Robust and Explainable Framework to Address Data Scarcity in Diagnostic Imaging
Zehui Zhao, Laith Alzubaidi, Jinglan Zhang, Ye Duan, Usman Naseem, Yuantong Gu

TL;DR
This paper introduces ETSEF, a novel ensemble framework combining transfer and self-supervised learning, to improve diagnostic accuracy in medical imaging tasks with limited data, while also providing explainability.
Contribution
ETSEF is the first method to combine transfer learning, self-supervised learning, and ensemble techniques for medical diagnostics under data scarcity.
Findings
ETSEF improves diagnostic accuracy by up to 14.4% over state-of-the-art methods.
ETSEF demonstrates robustness and explainability across five medical imaging tasks.
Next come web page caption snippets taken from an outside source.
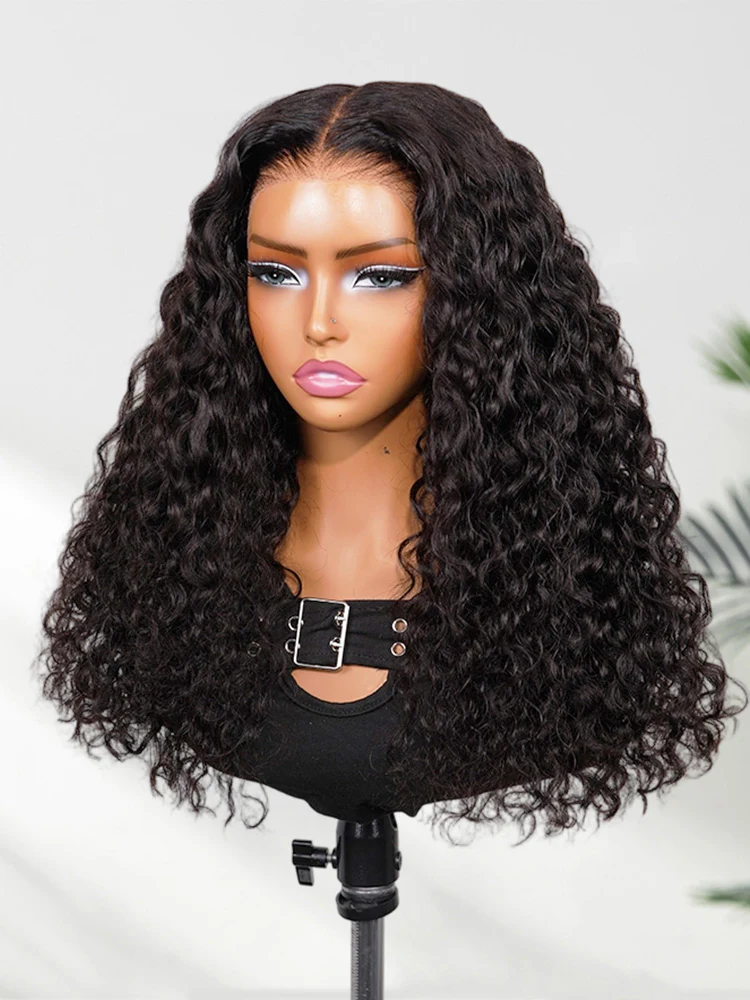 CurlyMe Wear Go Glueless Indian Curly Human Hair Wig Thick & Full Defined Curls 13x6 Pre-Bleached Knots Pre-Cut Full Lace Frontal Wig with Elastic Drawstring - Image 6
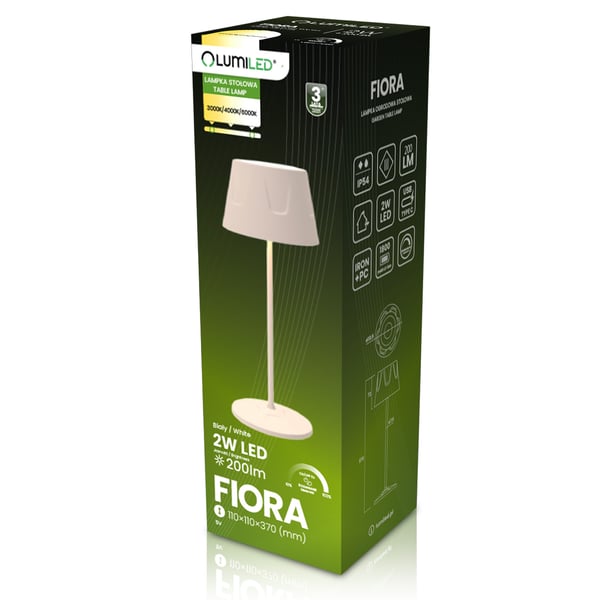 LED havelampe, stående, dekorativ, bord, natlampe, USB, dæmpbar, touch, hvid, FIORA LUMILED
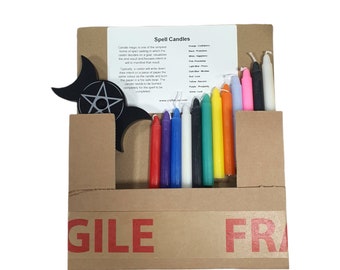 Spell Candles and Holder - Mixed Colour Spell Candles (12 Candals) - Fast Delivery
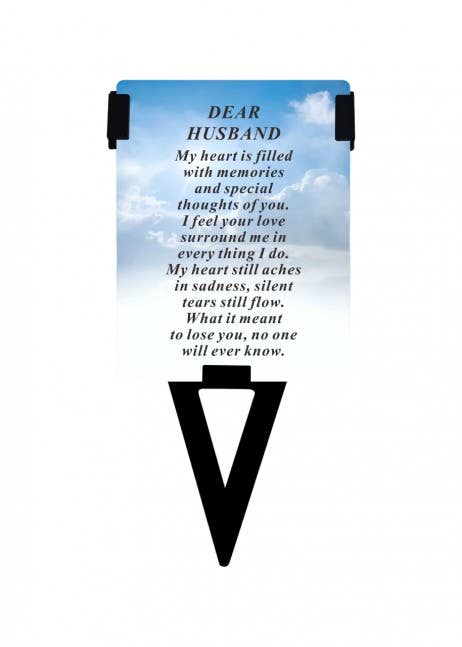 Husband Laminated Memorial Funeral Grave Card With Special Message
ETSEF outperforms strong ensemble baselines with limited data samples.
Abstract
Deep learning has significantly advanced automatic medical diagnostics and released the occupation of human resources to reduce clinical pressure, yet the persistent challenge of data scarcity in this area hampers its further improvements and applications. To address this gap, we introduce a novel ensemble framework called `Efficient Transfer and Self-supervised Learning based Ensemble Framework' (ETSEF). ETSEF leverages features from multiple pre-trained deep learning models to efficiently learn powerful representations from a limited number of data samples. To the best of our knowledge, ETSEF is the first strategy that combines two pre-training methodologies (Transfer Learning and Self-supervised Learning) with ensemble learning approaches. Various data enhancement techniques, including data augmentation, feature fusion, feature selection, and decision fusion, have also been deployed…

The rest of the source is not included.